Alta tensione anche in Ucraina, dove il Presidente Oleksandr Turčinov ha dichiarato davanti ai Governatori regionali che le Forze Armate «sono state poste in stato di massima allerta» a causa di quello che ha definito «il pericolo vero che la Federazione Russa inizi una guerra terrestre contro l’Ucraina». Ma l’importanza della conferenza, che si è tenuta a Kiev, è consistita forse più nell’ammissione dello stesso Capo di Stato di aver perso il controllo degli oblast’ di Donetsk e Luhans’k. La situazione sarebbe sfuggita di mano al Governo federale «anche perché alcune unità collaborano con i terroristi», ma Turčinov non ha esitato ad ammettere anche che «la grande maggioranza dei membri dei corpi di sicurezza nell’est non è capace di compiere il proprio dovere». Le difficoltà del Paese a rimanere unito, peraltro, non traspaiono solo dalle ripetute occupazioni di edifici amministrativi da parte di milizie filorusse (com’è accaduto oggi nella città di Gorlivska), ma anche dagli scontri avvenuti ieri sera nella Piazza dell’Indipendenza della capitale, dove un corteo di ultranazionalisti ha incontrato la resistenza dei gruppi di autodifesa della ‘Maidan’. È possibile che la situazione possa peggiorare qualora venisse confermata l’intenzione del Presidente russo Vladimir Putin di recarsi in Crimea il 9 maggio, Giornata della Vittoria. Intanto, la Serbiacandidata a divenire membro dell’Unione Europea, si è dichiarata contraria alle sanzioni contro Mosca.
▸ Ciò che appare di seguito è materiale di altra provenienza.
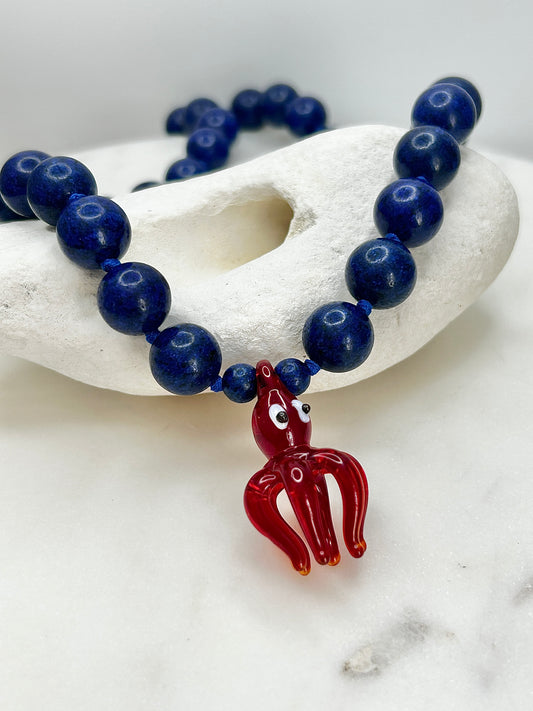 Octogem Coral Necklace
Il separatismo potrebbe essere la causa anche dell’esplosione avvenuta oggi in una stazione ferroviaria di Urumqi, in Cina. La provincia dello Xinjiang, di cui Urumqi è capitale e nota per la rilevante presenza musulmana, era stata visitata ieri dal Presidente Xi Jinping, che l’aveva definita «una frontiera del terrorismo». La situazione sarebbe comunque «sotto controllo», secondo le autorità cinesi.

Potrebbero invece andare fuori controllo gli sviluppi in un’altra ‘area calda’ del mondo, il Sud Sudan. L’Alto Commissario per i Diritti Umani delle Nazioni UniteNavi Pillay, ha infatti dichiarato che il Paese sarebbe prossimo alla «catastrofe» a causa della conflitto interno fra il Presidente Salva Kiir ed il suo ex Vicepresidente Riek Machar, separati fra l’altro da motivi etnici. Pillay era oggi in visita alla città di Giuba dopo un attacco dei ribelli di Machar ad una località petrolifera, che ha costretto molti abitanti a rifugiarsi in una vicina base dell’ONU. Le sue parole sulle responsabilità di Kiir e Machar riguardo a possibili crimini di guerra sono state chiare, ma ancor più nette sono state le previsioni del Consigliere speciale per la prevenzione dei genocidi Adama Dieng, che ha esortato ad impedire che il Sud Sudan si trasformi in un nuovo Ruanda attraverso una «grave spirale di violenza fuori controllo». Violenza che, sempre secondo le Nazioni Unite, coinvolge direttamente 9000 bambini, impiegati come soldati in entrambe le fazioni. È di pochi minuti fa l’appello del Segretario Generale Ban Ki-moon a Kiir perché «si ponga immediatamente fine ai combattimenti e all’uccisione di civili».

Un appello è stato lanciato oggi anche dal Dipartimento di Stato statunitense, per invitare la Corea del Nord a «esercitare moderazione e ad astenersi da azioni che facciano aumentare le tensioni» nella penisola. L’invito segue le manovre di artiglieria che Pyongyang ha effettuato ieri lungo le acque di frontiera con la Corea del Sud, nel Mar Giallo. Nel frattempo, un sondaggio del ‘Wall Street Journal’ rileva come almeno il 47% dei cittadini statunitensi intervistati vorrebbe un minor interventismo all’estero del proprio Paese, aggiungendo che solo il 38% del campione approva la politica estera del Presidente Barack Obama.

Un altro Presidente, Nicolás Maduro, tenta invece di recuperare consensi aumentando del 30% il salario minimo dei lavoratori in Venezuela, sostenendo che si tratta di una misura «socialista». L’aumento dovrebbe aver luogo da domani, ma sarà comunque inferiore al preoccupante tasso di inflazione del Paese, calcolato ufficialmente nella misura del 56,2%.